One week, Mr. Tennant didn't ask for volunteers. "Holly and Tom, you're up. You'll debate on the right to free speech. Tom, you'll speak in favor of free speech. Holly, you're con."
As we began to debate, it quickly became clear that my arguments sounded way better than Tom's. Sounded. I knew I was twisting the truth and saying things that were just plain wrong. But what did it matter? My classmates were nodding their heads in agreement with me. I was going to win!
Then suddenly, Mr. Tennant stopped the debate. He proceeded to tell the class how wrong I was. I was furious. After class, I stomped up to Mr. Tennant's desk. "Why did you stop me? I should have won! I deserved to win!"
My teacher looked me in the eye and said something I'll never forget: "Yes, you did deserve to win, Holly. But I needed to show you there's a difference between convincing others you're right, and speaking the truth. You have a big voice. The question is: How are you going to use that voice?"
As I listened to his words, I felt a flood of mixed emotions. I still felt cheated of my victory. And it still seemed terribly unfair at that moment. But I knew my teacher was "speaking the truth."
I've been thinking about Thomas Merton's quote and my experience in that high-school classroom debate. These days, I don't concern myself with being absolutely right. I've come to realize there's a lot I don't know, much I haven't personally experienced, and some things I'll never understand. That realization has a fear attached: What if I'm absolutely wrong?

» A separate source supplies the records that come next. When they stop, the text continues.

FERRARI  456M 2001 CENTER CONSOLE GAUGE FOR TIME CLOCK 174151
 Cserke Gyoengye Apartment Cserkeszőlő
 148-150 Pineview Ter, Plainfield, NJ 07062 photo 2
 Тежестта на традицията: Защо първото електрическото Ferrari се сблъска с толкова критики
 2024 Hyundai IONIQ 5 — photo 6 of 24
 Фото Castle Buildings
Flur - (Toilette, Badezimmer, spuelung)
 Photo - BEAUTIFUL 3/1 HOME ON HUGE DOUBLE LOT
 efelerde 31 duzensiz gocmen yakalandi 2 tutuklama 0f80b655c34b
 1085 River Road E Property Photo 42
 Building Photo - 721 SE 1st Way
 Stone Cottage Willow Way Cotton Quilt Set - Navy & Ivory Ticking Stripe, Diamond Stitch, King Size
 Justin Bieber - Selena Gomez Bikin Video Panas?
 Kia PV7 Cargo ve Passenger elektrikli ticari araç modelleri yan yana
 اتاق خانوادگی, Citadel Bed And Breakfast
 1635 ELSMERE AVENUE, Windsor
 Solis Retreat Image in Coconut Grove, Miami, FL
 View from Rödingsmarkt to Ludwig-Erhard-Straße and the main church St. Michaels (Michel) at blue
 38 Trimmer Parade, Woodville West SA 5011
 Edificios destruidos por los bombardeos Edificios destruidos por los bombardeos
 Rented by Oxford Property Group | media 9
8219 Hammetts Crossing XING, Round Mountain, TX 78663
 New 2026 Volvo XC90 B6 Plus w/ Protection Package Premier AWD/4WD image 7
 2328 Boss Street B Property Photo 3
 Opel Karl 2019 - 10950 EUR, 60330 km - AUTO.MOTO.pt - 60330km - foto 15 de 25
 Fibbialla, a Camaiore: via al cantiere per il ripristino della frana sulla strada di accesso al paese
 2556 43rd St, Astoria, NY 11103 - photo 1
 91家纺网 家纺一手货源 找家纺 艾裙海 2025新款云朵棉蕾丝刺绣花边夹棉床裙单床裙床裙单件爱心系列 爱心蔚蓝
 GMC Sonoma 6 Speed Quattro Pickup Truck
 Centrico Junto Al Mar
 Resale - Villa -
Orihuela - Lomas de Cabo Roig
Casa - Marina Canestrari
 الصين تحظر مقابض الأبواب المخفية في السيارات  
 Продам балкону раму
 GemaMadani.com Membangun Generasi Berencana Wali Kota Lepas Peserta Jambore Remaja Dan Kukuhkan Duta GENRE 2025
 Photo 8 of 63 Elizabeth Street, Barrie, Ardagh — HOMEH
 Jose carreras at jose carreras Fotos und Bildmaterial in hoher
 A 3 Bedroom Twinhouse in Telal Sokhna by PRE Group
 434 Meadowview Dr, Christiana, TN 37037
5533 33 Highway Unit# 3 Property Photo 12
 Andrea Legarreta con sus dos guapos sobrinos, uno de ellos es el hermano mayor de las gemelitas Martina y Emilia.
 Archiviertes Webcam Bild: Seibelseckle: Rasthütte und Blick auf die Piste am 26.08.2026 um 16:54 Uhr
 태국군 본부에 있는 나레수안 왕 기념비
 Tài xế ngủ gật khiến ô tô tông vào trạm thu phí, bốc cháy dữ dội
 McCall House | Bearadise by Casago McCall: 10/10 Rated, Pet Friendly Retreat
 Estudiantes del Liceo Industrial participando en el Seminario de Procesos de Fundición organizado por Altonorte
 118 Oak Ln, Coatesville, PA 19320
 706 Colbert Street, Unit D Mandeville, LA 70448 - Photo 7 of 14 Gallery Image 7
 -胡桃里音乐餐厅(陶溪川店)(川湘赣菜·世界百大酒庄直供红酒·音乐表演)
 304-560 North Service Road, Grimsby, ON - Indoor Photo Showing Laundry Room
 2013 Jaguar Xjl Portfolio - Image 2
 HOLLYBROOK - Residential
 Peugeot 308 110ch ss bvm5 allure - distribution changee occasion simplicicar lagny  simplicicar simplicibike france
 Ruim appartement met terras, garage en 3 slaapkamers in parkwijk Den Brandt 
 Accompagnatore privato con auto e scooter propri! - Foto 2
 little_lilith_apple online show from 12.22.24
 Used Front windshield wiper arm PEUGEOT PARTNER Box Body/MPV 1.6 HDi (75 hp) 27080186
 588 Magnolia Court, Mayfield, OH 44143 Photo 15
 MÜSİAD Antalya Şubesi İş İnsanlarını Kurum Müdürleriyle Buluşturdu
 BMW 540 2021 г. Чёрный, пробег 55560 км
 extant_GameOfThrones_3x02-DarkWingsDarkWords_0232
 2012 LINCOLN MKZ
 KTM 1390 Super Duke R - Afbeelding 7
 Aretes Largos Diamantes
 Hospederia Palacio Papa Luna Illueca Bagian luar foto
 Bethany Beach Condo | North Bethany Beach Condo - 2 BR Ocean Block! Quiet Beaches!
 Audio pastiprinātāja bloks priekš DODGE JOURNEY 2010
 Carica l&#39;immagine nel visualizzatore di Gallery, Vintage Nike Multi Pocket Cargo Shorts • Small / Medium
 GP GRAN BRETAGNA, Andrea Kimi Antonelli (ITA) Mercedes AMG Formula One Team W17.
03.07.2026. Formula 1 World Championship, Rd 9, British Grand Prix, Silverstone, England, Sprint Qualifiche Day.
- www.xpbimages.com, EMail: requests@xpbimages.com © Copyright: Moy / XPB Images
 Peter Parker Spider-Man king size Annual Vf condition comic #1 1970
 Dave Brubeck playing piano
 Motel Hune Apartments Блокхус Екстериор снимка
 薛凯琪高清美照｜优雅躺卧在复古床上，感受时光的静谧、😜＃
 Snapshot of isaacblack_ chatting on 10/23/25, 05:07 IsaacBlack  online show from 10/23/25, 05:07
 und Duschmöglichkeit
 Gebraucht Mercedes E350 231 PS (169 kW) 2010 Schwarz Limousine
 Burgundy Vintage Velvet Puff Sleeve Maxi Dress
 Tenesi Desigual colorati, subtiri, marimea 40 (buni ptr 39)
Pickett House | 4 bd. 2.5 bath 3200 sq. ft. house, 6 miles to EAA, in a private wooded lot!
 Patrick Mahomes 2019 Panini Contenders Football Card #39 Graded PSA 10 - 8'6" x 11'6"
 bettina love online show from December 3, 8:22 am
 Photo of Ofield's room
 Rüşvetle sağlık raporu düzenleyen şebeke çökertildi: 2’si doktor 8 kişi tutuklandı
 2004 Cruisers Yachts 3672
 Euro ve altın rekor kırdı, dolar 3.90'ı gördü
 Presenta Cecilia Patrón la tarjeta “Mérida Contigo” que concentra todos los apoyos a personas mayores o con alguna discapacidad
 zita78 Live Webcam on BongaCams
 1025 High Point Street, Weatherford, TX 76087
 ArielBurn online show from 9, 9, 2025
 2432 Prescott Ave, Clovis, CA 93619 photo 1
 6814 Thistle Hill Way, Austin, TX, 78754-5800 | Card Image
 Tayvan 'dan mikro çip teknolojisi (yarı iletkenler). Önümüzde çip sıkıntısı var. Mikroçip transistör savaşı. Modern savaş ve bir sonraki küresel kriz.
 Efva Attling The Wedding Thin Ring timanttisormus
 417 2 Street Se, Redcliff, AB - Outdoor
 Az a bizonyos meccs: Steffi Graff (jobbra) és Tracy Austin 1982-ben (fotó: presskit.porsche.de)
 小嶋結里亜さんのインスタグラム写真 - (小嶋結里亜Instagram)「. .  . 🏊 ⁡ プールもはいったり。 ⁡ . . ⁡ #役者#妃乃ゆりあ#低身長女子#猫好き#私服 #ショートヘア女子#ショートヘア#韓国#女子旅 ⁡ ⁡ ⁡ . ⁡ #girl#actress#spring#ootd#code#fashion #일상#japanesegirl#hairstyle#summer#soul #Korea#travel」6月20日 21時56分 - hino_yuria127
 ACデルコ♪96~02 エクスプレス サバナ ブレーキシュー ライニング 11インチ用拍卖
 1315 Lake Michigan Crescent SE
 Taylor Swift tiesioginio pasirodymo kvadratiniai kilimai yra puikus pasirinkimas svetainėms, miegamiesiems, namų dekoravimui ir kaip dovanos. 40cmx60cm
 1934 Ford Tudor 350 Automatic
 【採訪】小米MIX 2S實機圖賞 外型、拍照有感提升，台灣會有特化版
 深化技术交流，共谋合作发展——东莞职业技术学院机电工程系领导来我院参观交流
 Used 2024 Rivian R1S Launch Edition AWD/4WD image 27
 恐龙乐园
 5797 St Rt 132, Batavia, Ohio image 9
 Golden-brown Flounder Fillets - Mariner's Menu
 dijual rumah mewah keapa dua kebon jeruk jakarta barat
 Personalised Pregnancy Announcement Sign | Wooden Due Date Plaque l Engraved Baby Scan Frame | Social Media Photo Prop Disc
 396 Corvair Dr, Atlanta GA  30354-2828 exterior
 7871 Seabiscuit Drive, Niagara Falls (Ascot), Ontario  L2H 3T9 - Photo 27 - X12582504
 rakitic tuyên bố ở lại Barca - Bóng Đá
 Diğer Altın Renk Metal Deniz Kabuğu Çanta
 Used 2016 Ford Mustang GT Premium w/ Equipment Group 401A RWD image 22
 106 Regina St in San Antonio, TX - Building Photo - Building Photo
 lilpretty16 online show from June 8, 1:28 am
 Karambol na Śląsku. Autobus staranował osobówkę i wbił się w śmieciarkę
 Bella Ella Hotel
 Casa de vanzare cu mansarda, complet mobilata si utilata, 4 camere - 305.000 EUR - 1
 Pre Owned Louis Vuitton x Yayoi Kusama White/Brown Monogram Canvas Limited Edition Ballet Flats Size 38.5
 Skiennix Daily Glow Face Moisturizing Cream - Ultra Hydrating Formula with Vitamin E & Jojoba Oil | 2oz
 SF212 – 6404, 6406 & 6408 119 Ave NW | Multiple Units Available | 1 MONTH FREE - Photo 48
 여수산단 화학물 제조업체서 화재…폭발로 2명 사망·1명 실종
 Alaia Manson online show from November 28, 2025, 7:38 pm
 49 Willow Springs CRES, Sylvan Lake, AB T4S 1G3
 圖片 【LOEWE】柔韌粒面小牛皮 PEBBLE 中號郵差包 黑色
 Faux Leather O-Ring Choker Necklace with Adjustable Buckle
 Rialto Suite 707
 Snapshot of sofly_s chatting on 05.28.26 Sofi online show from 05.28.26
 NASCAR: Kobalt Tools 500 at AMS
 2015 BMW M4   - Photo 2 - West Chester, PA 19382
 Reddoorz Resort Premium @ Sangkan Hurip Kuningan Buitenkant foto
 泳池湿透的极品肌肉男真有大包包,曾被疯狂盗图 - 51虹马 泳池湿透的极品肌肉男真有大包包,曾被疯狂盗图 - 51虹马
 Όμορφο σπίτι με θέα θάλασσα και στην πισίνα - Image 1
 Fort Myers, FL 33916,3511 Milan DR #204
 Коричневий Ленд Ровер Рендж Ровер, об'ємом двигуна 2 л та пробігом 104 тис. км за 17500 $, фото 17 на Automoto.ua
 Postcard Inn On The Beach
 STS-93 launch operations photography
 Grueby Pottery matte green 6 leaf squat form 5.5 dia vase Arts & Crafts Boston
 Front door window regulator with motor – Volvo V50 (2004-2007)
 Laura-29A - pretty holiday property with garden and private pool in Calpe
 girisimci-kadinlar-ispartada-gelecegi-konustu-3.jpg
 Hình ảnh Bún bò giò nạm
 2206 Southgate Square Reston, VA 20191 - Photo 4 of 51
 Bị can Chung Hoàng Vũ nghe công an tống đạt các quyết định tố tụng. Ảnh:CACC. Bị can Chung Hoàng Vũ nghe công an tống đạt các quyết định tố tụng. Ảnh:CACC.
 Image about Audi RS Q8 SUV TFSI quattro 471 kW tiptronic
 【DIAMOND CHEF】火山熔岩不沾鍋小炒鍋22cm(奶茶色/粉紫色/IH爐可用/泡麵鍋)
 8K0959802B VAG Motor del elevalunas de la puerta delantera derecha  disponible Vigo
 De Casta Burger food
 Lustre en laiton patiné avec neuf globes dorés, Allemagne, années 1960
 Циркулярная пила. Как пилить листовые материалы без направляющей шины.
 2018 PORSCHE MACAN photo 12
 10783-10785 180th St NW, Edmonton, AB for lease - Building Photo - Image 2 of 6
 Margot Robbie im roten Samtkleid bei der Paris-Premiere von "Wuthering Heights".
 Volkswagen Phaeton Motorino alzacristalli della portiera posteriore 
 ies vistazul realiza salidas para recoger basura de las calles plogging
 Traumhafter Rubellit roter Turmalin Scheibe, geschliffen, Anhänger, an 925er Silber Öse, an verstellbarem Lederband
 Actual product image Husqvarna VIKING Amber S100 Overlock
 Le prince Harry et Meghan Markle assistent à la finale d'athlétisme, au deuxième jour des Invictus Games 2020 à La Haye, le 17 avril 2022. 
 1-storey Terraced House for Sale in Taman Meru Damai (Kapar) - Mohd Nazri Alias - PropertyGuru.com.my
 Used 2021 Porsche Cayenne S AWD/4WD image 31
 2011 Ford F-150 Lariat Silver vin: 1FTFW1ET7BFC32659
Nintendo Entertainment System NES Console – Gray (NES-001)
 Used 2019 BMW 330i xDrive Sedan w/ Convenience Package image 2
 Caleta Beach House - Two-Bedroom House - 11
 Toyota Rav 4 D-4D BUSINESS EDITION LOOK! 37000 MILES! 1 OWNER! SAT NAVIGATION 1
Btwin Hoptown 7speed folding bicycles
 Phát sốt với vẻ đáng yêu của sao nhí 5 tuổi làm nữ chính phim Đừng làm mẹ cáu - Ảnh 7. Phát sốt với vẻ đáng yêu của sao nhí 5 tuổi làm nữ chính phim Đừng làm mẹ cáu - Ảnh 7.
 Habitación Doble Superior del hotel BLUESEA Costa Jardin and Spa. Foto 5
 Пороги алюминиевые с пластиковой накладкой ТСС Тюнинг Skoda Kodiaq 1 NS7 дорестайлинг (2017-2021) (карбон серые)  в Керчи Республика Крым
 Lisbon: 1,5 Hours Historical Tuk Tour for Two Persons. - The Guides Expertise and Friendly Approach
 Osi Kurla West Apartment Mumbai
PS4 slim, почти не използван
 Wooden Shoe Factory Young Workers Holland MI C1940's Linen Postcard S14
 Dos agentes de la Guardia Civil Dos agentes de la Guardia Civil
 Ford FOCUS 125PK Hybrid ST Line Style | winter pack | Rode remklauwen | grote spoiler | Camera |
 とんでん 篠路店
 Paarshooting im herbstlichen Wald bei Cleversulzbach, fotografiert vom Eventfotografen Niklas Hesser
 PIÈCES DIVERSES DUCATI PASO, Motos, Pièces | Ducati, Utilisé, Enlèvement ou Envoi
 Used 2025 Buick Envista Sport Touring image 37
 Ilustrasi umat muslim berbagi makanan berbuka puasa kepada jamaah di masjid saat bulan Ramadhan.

It's a pretty big fear, especially when people tell me they expect me to be right. As a journalist, I've long been expected to know a lot about current events and to fully check the accuracy of my sources, data, and quotes. As a Christian who writes about the church, there are expectations that I should write honestly and critically, as well as with a gentleness that reflects God's love. I think my fears about writing are a microcosm of what every Christian experiences in living a Christ-centered life: How can I explain my faith to my friends without appearing superior or hypocritical? What if I misquote the Bible or get the context of a verse wrong? Does God want me to speak out, or does he want me to keep my trap shut?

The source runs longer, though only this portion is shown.